There is also evidence of a link between momentum returns with trading volume (Lee &
Swaminathan (2000)), transaction costs (Lesmond, Schill & Zhou (2004) and Korajczyk &
Sadka (2004)) and information such as analyst coverage (Hong, Lim & Stein (2000)).
2.5 Australian Evidence
In Australia, there has been considerable research into CSM. Drew, Veeraraghavan & Ye (2007)
13
find CSM by examining its relationship with “trading volume” while observing periods between
1988 to 2002 in stocks. Brailsford and O’Brien (2008) find CSM in the top 500 stocks by market
capitalisation and relate it to firm size observing periods from 1979 to 2005. Hurn and Pavlov
(2003), Demir et al. (2004) and Bettman et al. (2009) all reported the profitability of CSM
strategies in the ASX stocks. Galariotis (2010) provides comprehensive and robust tests of CSM
on the ASX 100 stocks and all market securities for different time periods and market states.
Indeed, the author claims that the momentum effect is greater in Australia than most of the other
developed markets such as European countries. O'Brien, Brailsford and Gaunt (2010) suggest
that the momentum effect may just be due to the small size effect which is a stock return
characteristic where firms with low market capitalization have higher returns due to inherent
higher risk. Nonetheless, they find CSM for portfolios of firms with large market capitalization.

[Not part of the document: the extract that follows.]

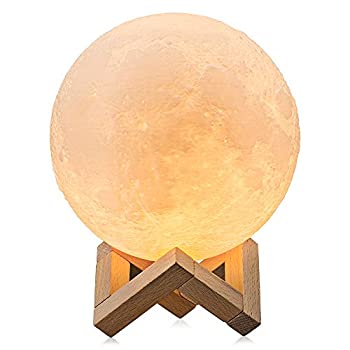 【中古】 TOOGE プレゼント 女性 人気 月ライト 間接照明 おしゃれ 3Dプリント usb充電 タッチ調光 2色 無段階調光 誕生日プレゼント (直経15cm)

CSM, in general, has been found and has been suggested to be strong enough for earning above
average risk-adjusted returns in Australia.

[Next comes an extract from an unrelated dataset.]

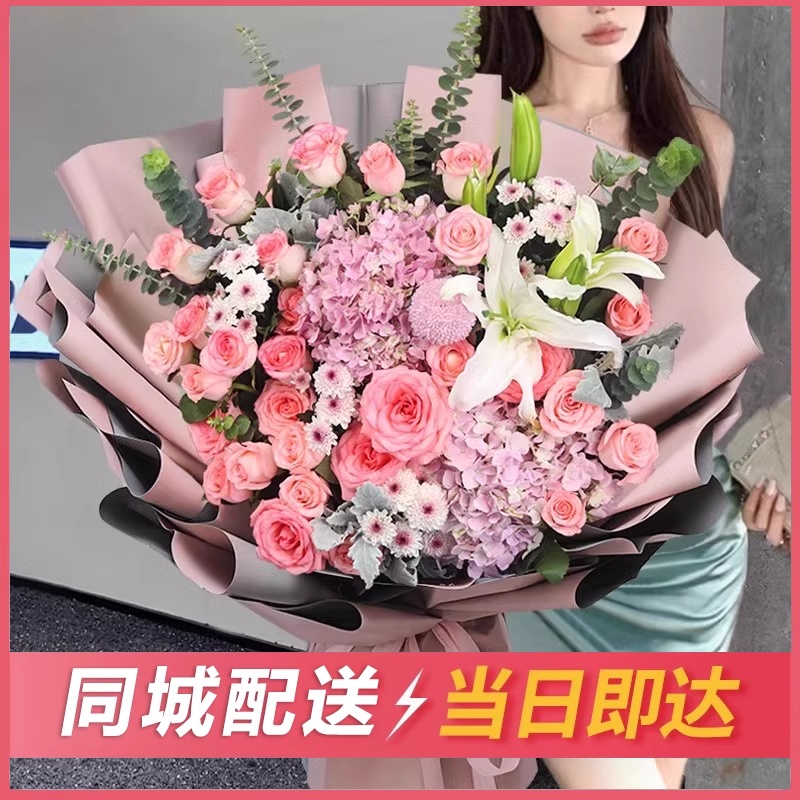 新乡真花鲜花速递玫瑰花束卫辉封丘辉县长垣原阳获嘉生日同城配送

As mentioned before, examining TSM is closely related to the calculation of autocorrelations of
stock returns. Autocorrelation studies in Australia have been documented since 1969. Praetz
(1969), Officer (1975), Brown, Keim, Kleidon & Marsh (1983) and Groenewold & Kang (1993)

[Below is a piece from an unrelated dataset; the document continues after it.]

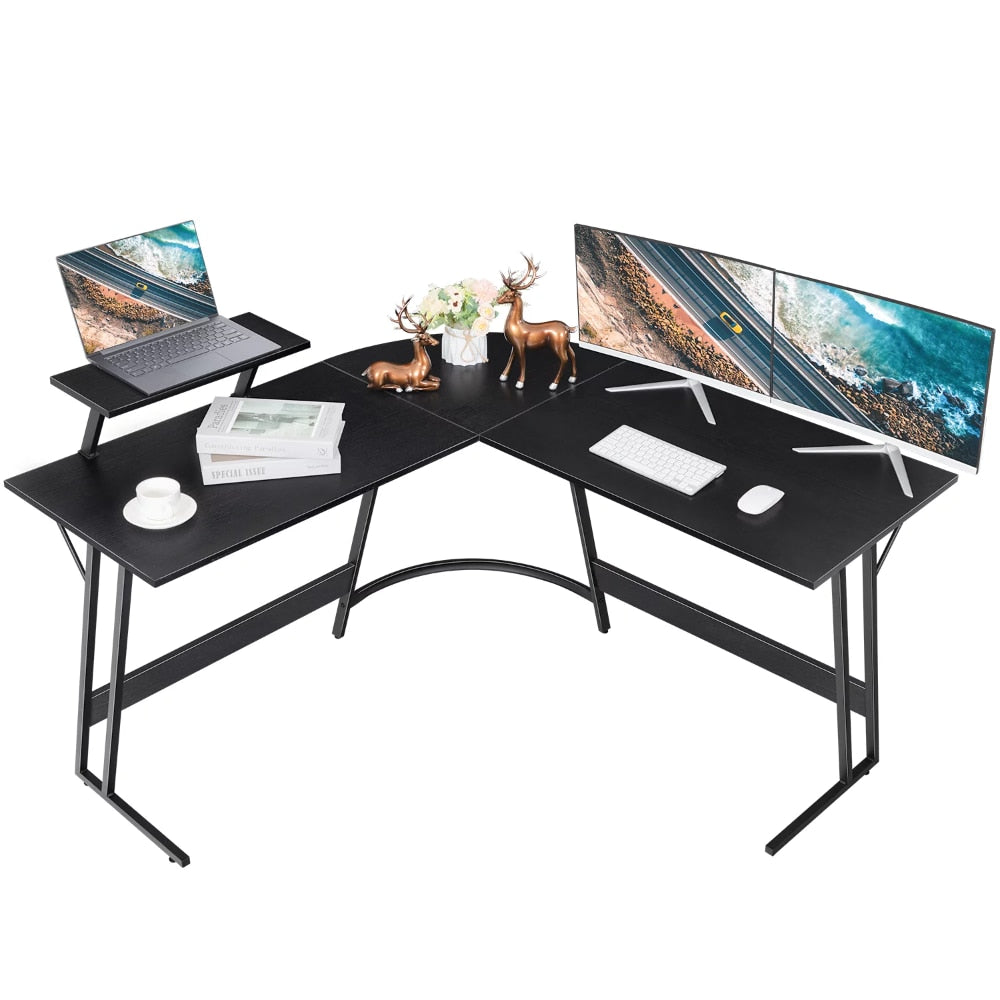 L-Shaped Computer Desk Modern Corner Desk Home Office Writing Sturdy Workstation with Movable Table, Black Desk Table Office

have found autocorrelations with differing lags. More recently, Gaunt & Gray (2003) examined
autocorrelations structures of returns on the top and bottom 200 Australian stocks by market
capitalisation. They report statistically significant autocorrelations only for the bottom 200
Australian stocks. Any autocorrelation found was due to either illiquidity or the small firm effect
as Australian companies are generally smaller than other developed nations’ stock markets.
There is a general consensus among the authors of these studies of not being able to trade
14
profitably based on returns exhibiting autocorrelation if transaction costs were taken into
account.
3. Data and Preliminaries
We will discuss here the data source, the benchmarks used and the construction of the ex ante
volatility estimates in our analysis.
3.1 Returns
Monthly returns index on the one hundred stocks part of the ASX 100 index from the period July
1988 to January 2013 was retrieved from Datastream. The ASX 100 index was chosen due to its
liquidity and companies with high market capitalisation. It covers firms with large and medium
market capitalisation. Only stocks from the ASX 100 were analysed to avoid market
microstructure effects such as stale prices and illiquidity from contaminating the results.
Monthly returns were used rather than returns of a higher or lower frequency due to the issue of
sign predictability. This will be covered in more detail in section 4.2.
The stocks were split into two samples, “Sample 1” and “Sample 2”, and a subsample of Sample
1 called “Sample 3”. This allowed us to have samples where the time-dimensions of the returns
matched up with each other for each stock. For the analysis there was a natural trade-off between
the number of stocks and stocks with the longest history of data. Sample 1 has a higher number
of past returns ranging from July 1988 to January 2013 with 18 stocks whereas Sample 2 has a
higher number of stocks with 69 stocks with historical data ranging from January 2000 to
15
January 2013. Sample 3 consisted of all the stocks in Sample 1 except with returns from January
2000 to January 2013. This allowed us to carry out a comparison between Sample 2 and Sample
3. Fundamentally, the rationale between such sample selections was data availability as many
stocks did not exist from 1988. Note that there is an overlap of the same stock between the
samples.
Sample 1 started out with twenty stocks whereas Sample 2 had 71 stocks. Some stocks’ returns
were zero for a significant period of time due to non-trading months where a period is one
month. A data cleaning rule was put in place to deal with this issue. Any stock with more than
ten periods of returns of 0% was deleted. Two stocks needed to be deleted from both the samples
according to this rule. This was followed with linear interpolation to fill the returns of those
periods for those stocks which had less than ten periods of returns of 0%.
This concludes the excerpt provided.